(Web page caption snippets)
*** Begin section ***
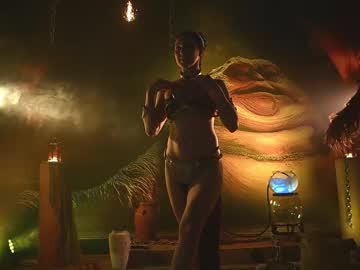 rocknrose's chat room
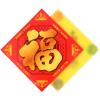 Taoist Supplies Amulet Exorcism Bringing Good Luck Mascot Decoration Pendant   1Pcs 200 view 2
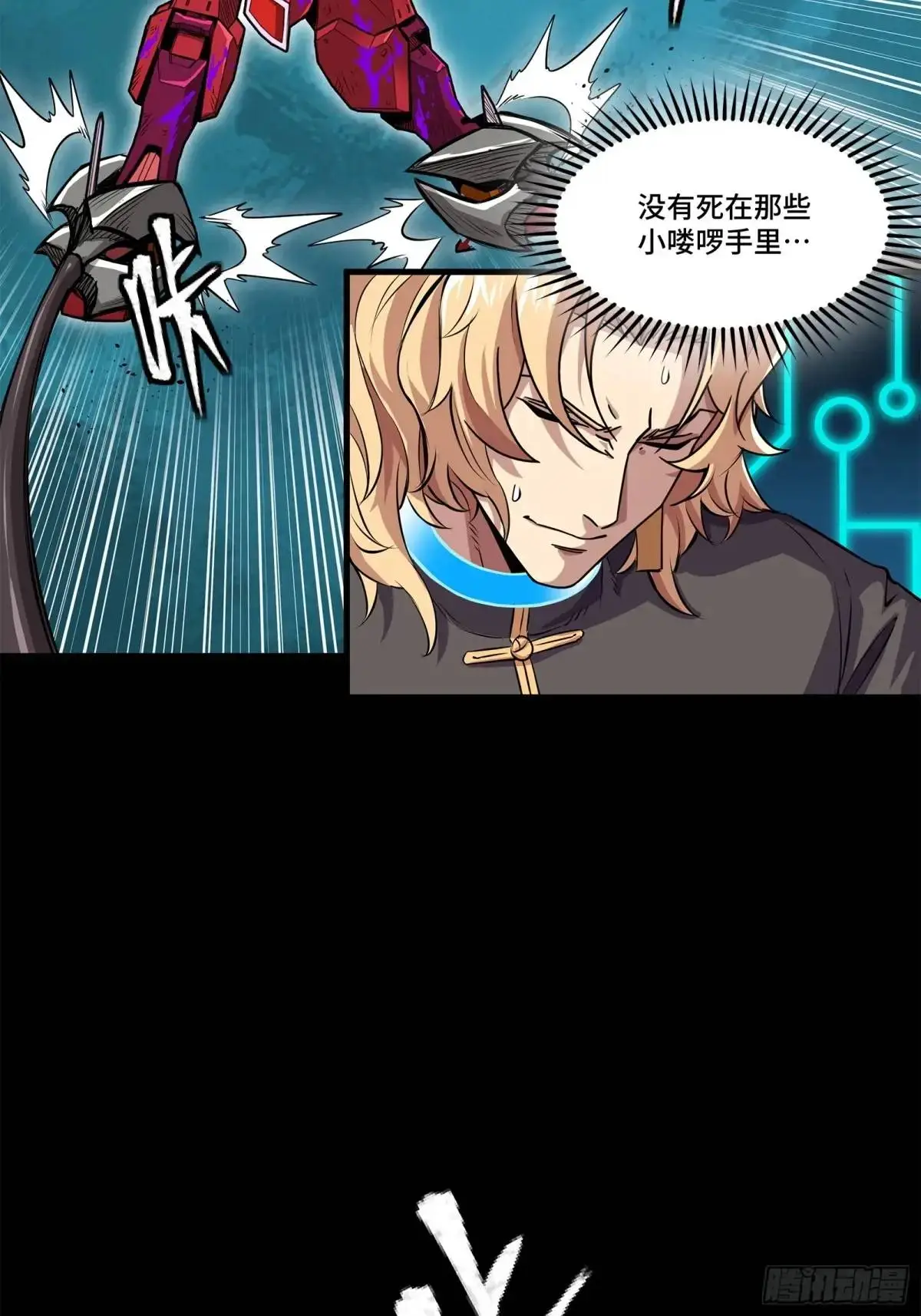 148 呼延幸的决断 第80页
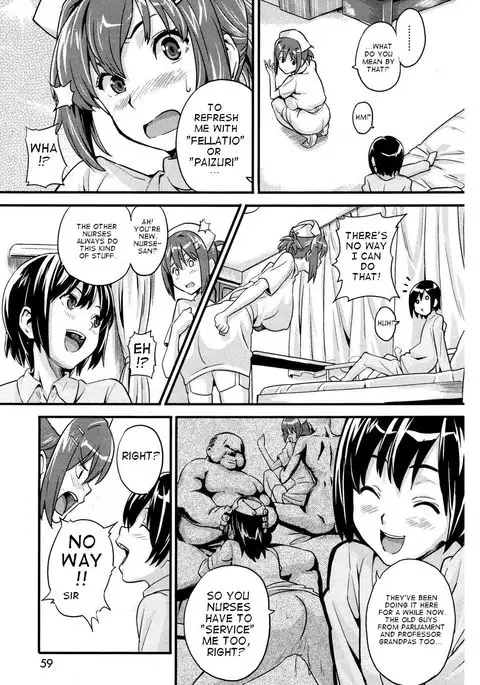 Sister Breeder Ch. 1-8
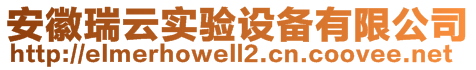 安徽瑞云實(shí)驗(yàn)設(shè)備有限公司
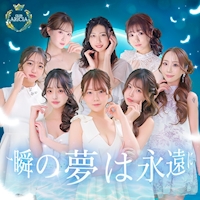 店舗写真 CLUB ARICIA・アリシア - 中洲のキャバクラ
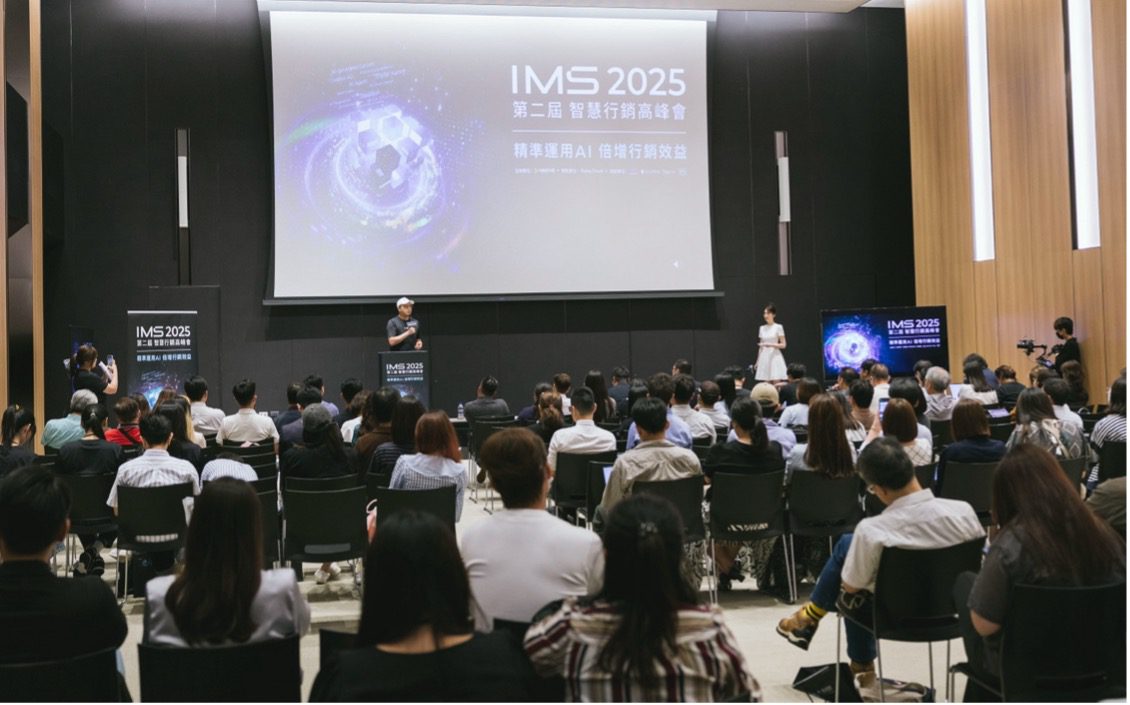 AI 驅動行銷新時代！VMFIVE【第二屆IMS智慧行銷高峰會】盛大登場  – 12場AI應用實戰演講，帶你看見品牌行銷未來式！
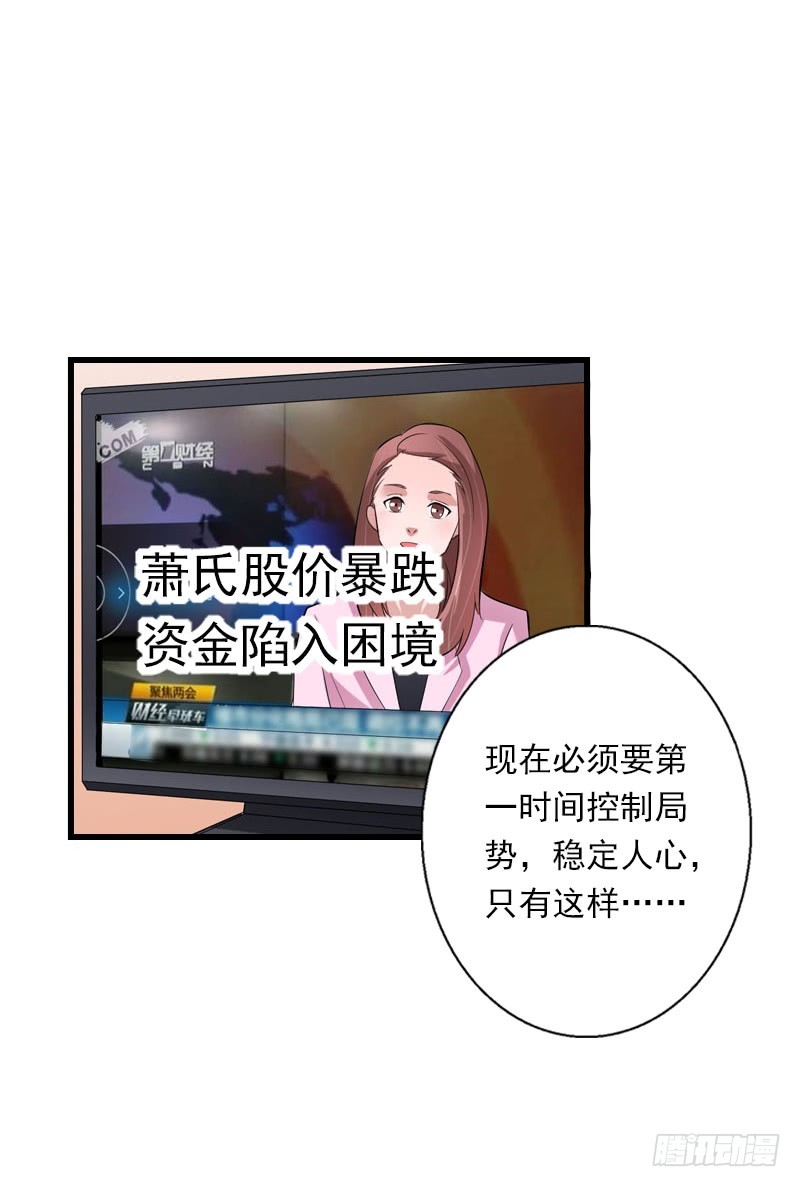 第58话 陆维的心思-第58话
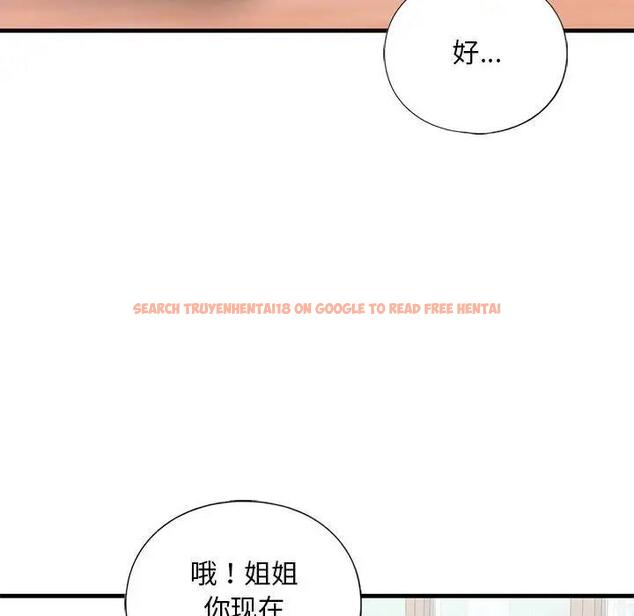 查看漫画不要欺負我姐姐/我的繼姐 - 第24話 - tymanga.com中的1975416图片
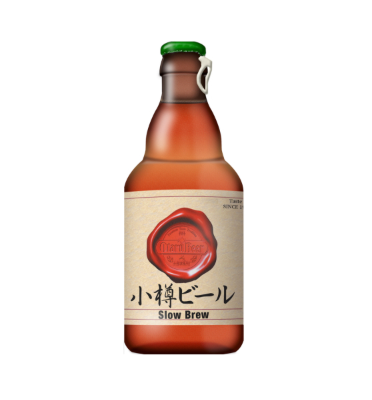 小樽ビール スローブリュー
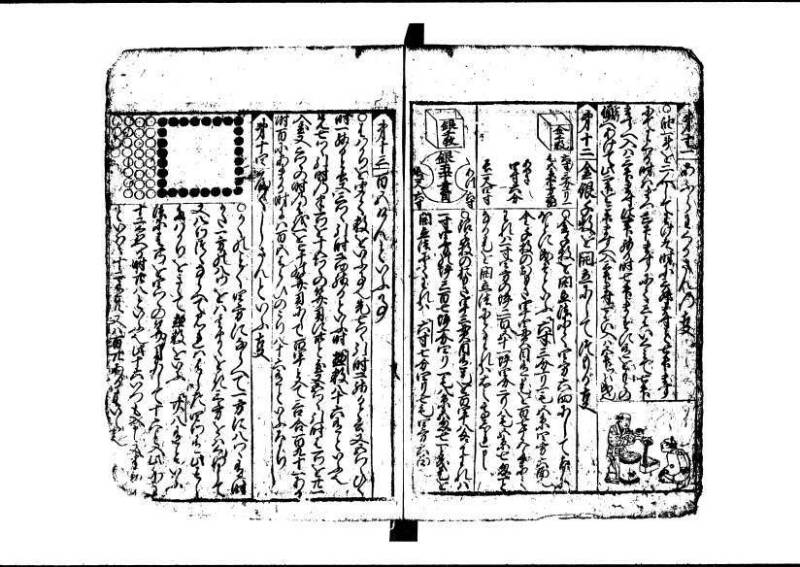 新編(新板)塵劫記 寬文九 林文庫0554 - ページ 53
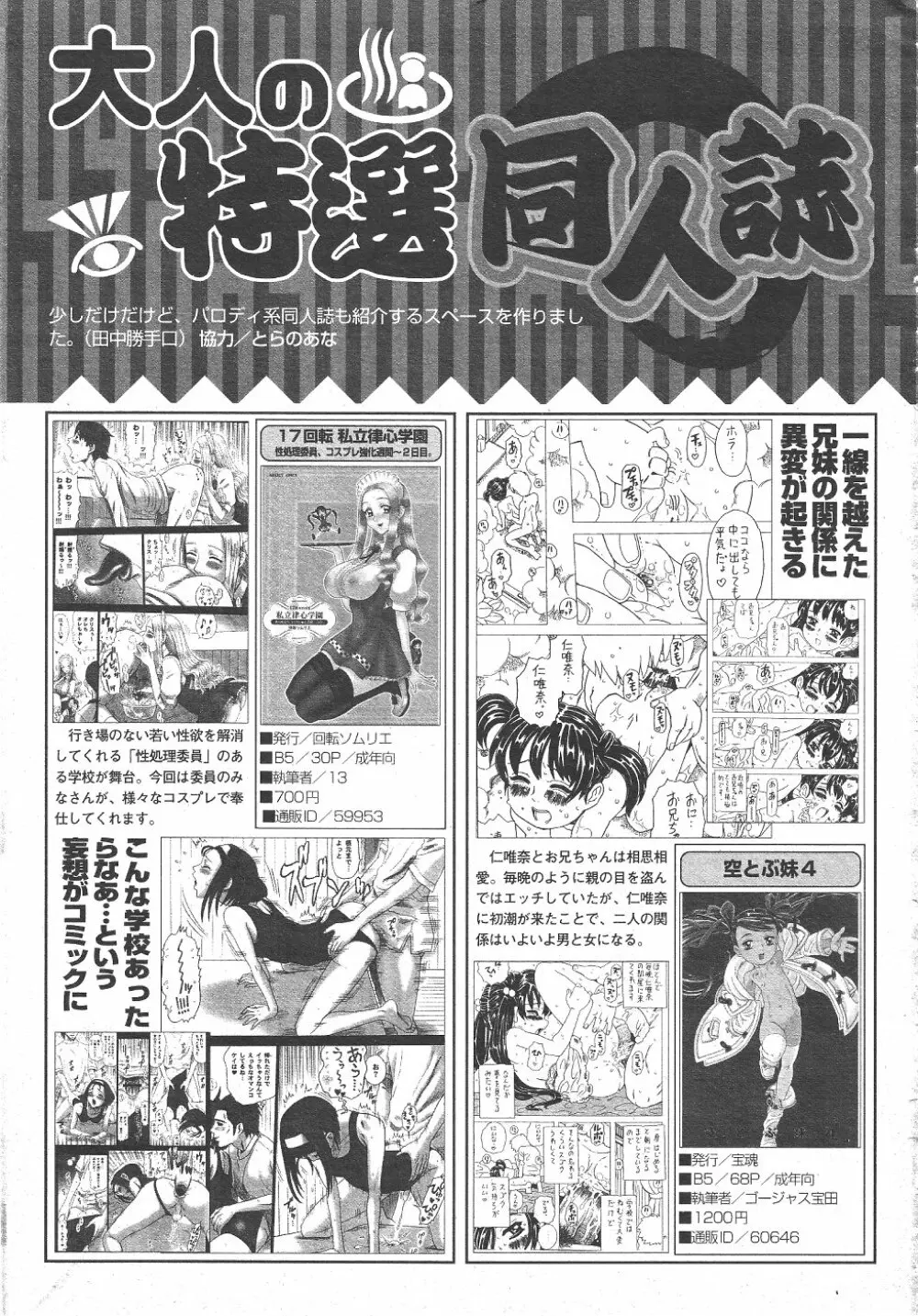 月刊COMIC夢雅 2004年6月号 VOL.10 Page.409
*** End section ***
Task goal
Find the line that contains "小樽ビール スローブリュー", then write out that line and every line after it through the end of the records, exactly. Leave the pictures out.

Solution to this problem
 小樽ビール スローブリュー
 新編(新板)塵劫記 寬文九 林文庫0554 - ページ 53
 月刊COMIC夢雅 2004年6月号 VOL.10 Page.409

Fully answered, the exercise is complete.